How subconscious beliefs formed in childhood affect an adult's financial decisions, and how transactional analysis can be applied to change these patterns and achieve financial well-being.
5 min

Imagine you are in a coffee shop and you see a beautiful picture of a cake, over which chocolate flows so gently and smoothly. And one of your inner ‘selves’ tells you: ‘buy this pastry, it looks so delicious,’ and you imagine how tasty it will be to eat this pastry. This spontaneous voice that urges you to make the purchase is your inner ‘Child’. It is driven by desires and emotions, sometimes ignoring long-term consequences. Then suddenly another voice appears, saying: ‘Wait, this doesn’t fit into our budget, we came just for coffee, and by the way, you already had breakfast, we don’t need the pastry’ This is the voice of your ‘Adult’ – rational, analytical, weighing all the ‘pros’ and ‘cons’. And finally, there might appear a voice saying: ‘We shouldn’t spend money on unnecessary things and similar desires,’ this is the voice of the ‘Parent,’ reflecting our internal rules and values, often internalized from childhood. So, it is this trio that I want to explore with you today from a financial perspective.

Once again, who is who:

👼Child: This state is characterized by emotional reactions and often manifests in the form of impulsive purchases or the desire to satisfy immediate needs.

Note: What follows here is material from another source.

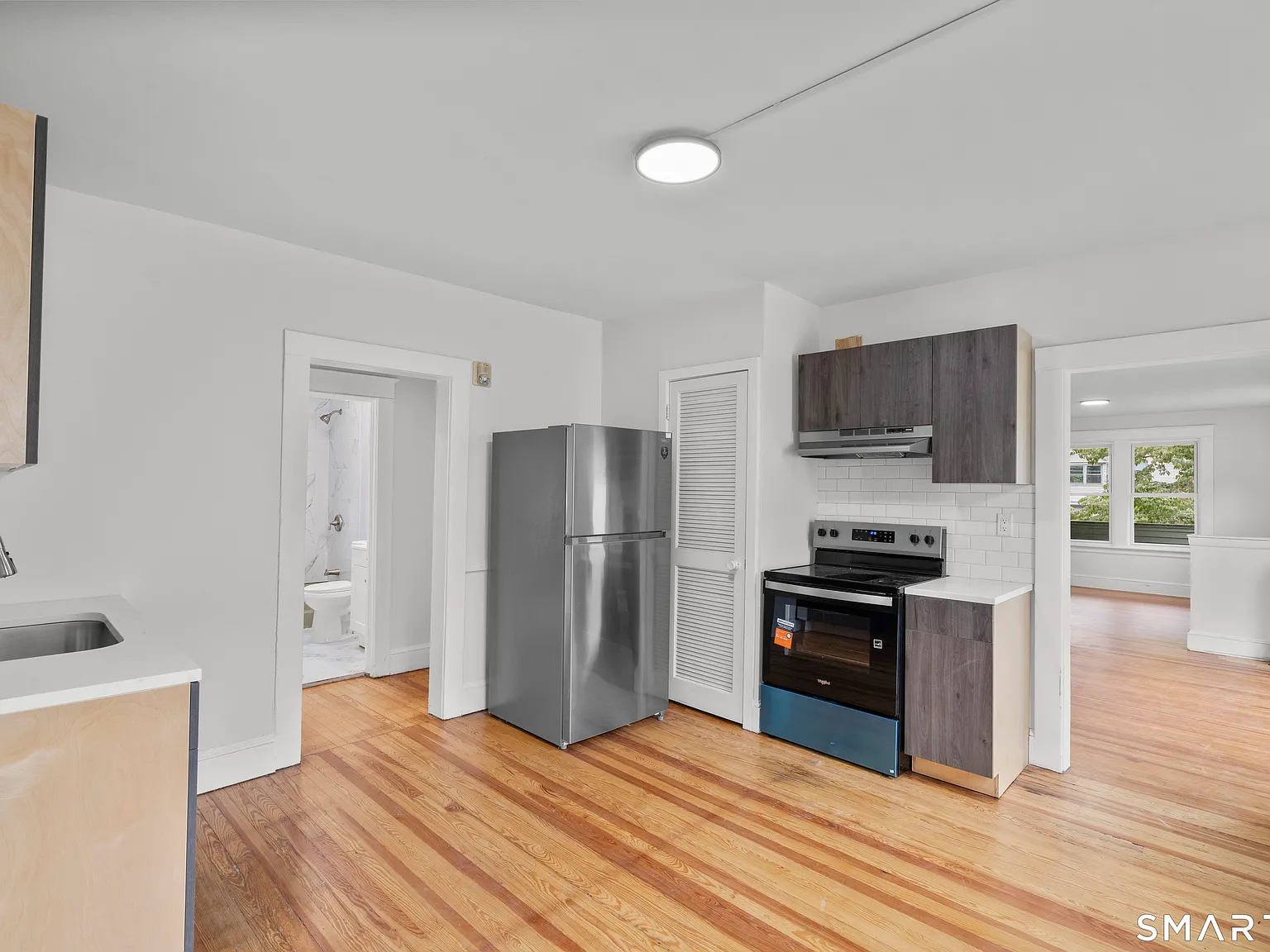 3 bed, 1.0 bath, 1100 sqft, $2,000 — Photo 1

🧓Adult: This state represents a logical and rational approach to finances, based on facts, analysis, and planning. It is responsible for the balanced decision-making in financial matters.

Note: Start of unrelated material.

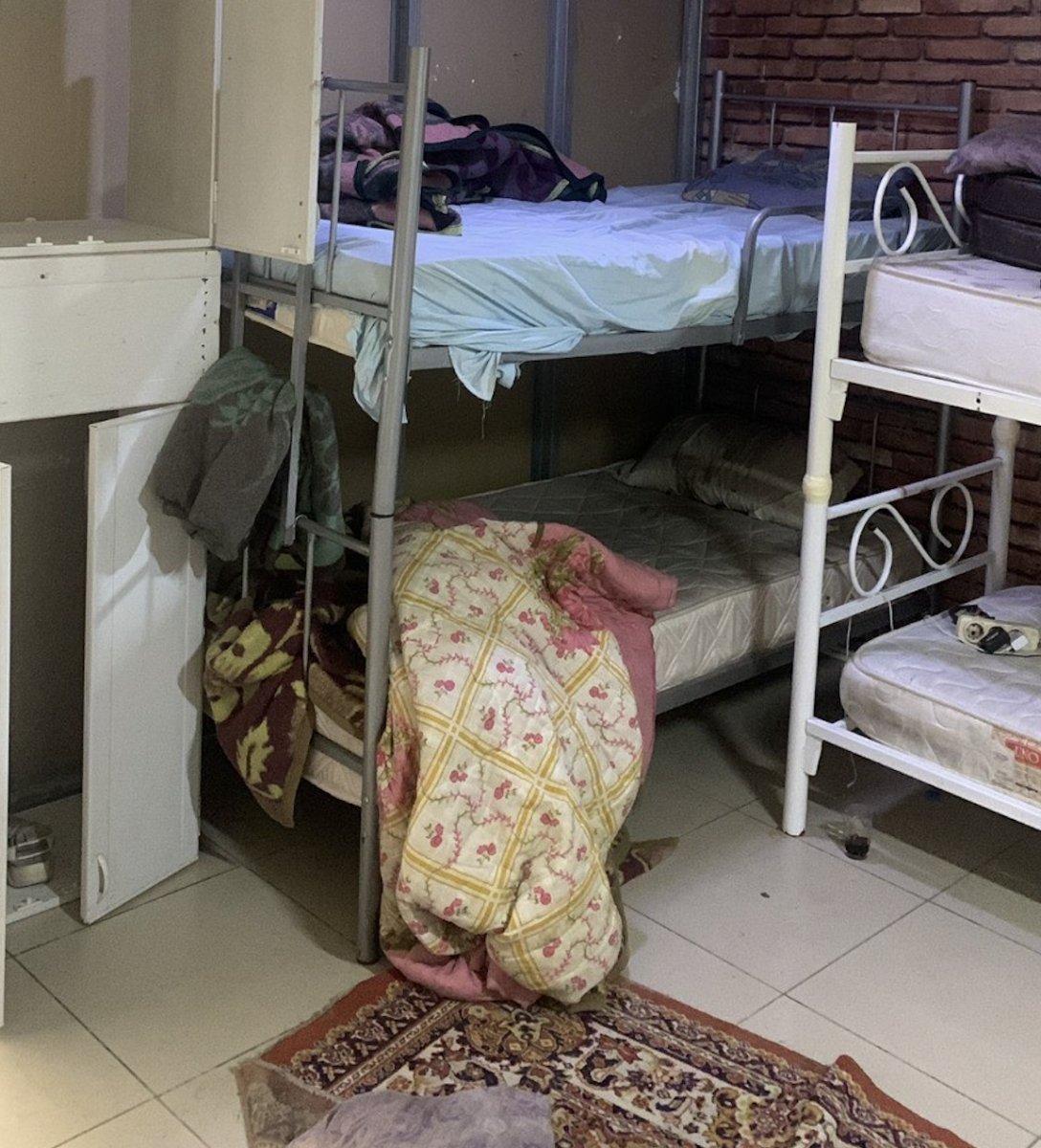 Tuzla'da kuaför görünümlü göçmen evine baskın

👨‍👦Parent: In the financial context, this state reflects the influence of our early script upbringing and beliefs related to money. This can be an ingrained notion about the need to save, or certain financial constraints, or on the contrary, spending habits that we have unconsciously adopted.

The difference between the ‘Adult’ and the ‘Parent’ in motivation: the adult is your logic and reasonableness, while the parent is the inner voice of your upbringing and social conditioning.

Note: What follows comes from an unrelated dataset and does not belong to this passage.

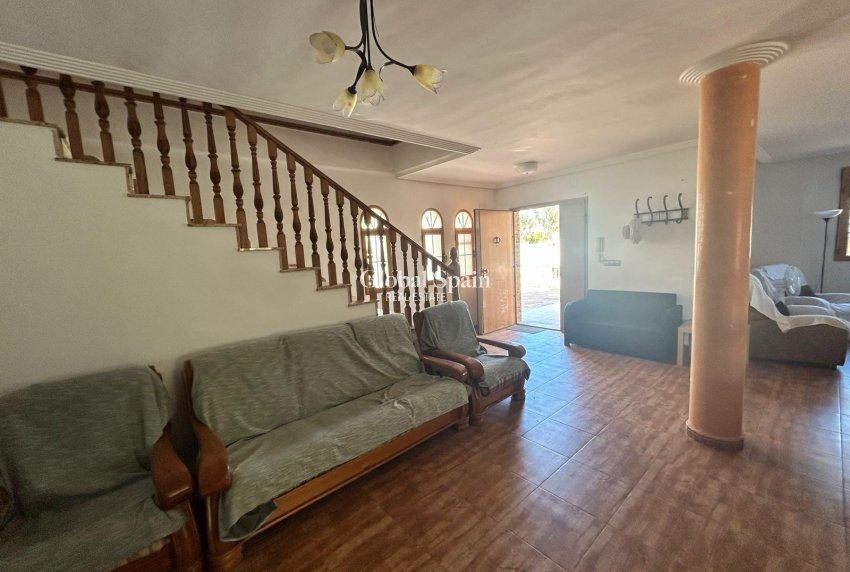 Resale - VILLA -
LOS ALCÁZARES - Las Lomas Del Rame-bahía Bella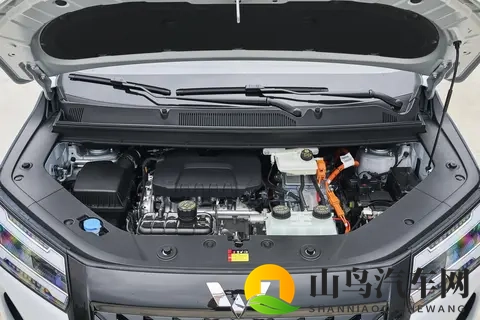 星光730“一车三动力”电滑门+真7座，全家出行0焦虑-1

All these ‘self-states’ are important in their own way and participate in your decisions, which create unique situations in life, or help to create them.

Often the ‘Adult’ and the ‘Parent’ can engage in internal conflicts. For example, the ‘Adult’ may recognize that an investment is risky but potentially profitable, while the ‘Parent’ will insist on saving and avoiding risks at all costs. In some cases, the ‘Child’ can become an ally of the ‘Adult’ or the ‘Parent’, depending on the situation. For instance, the ‘Child’ might encourage the purchase of something for pleasure, and the ‘Adult’ might support this if it is deemed rational and not negatively impacting the financial situation.
It’s interesting that in different cultures, the ‘Parent’ can take various forms. For example, in some cultures, there is a strong tradition of family business or saving, while in others, more emphasis is placed on individuality and personal financial freedom.

Understanding how these ‘self-states’ interact and influence your financial decisions is key to developing a healthy approach to managing finances and achieving financial well-being.
Working with financial scripts and changing subconscious beliefs.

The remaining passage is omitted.